── RECORDS ──

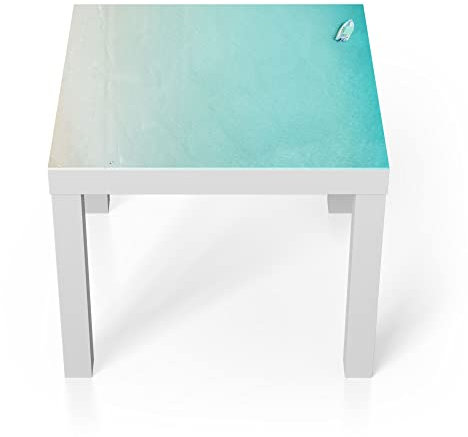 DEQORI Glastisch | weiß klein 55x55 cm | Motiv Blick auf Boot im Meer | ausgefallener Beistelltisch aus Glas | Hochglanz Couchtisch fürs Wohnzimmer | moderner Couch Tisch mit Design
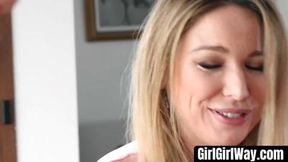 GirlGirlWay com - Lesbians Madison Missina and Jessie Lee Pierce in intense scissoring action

───
── RECORDS ──

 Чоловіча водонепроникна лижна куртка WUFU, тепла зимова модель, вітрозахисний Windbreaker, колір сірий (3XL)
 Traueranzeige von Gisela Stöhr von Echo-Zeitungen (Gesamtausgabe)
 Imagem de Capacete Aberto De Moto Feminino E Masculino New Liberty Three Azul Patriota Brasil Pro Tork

───

PROBLEM TO WORK ON. Take the lines above starting at the one containing "DEQORI Glastisch |" and ending at the one containing "GirlGirlWay com - Lesbians", and print them again exactly, without pictures.

TASK OUTPUT.
 DEQORI Glastisch | weiß klein 55x55 cm | Motiv Blick auf Boot im Meer | ausgefallener Beistelltisch aus Glas | Hochglanz Couchtisch fürs Wohnzimmer | moderner Couch Tisch mit Design
 GirlGirlWay com - Lesbians Madison Missina and Jessie Lee Pierce in intense scissoring action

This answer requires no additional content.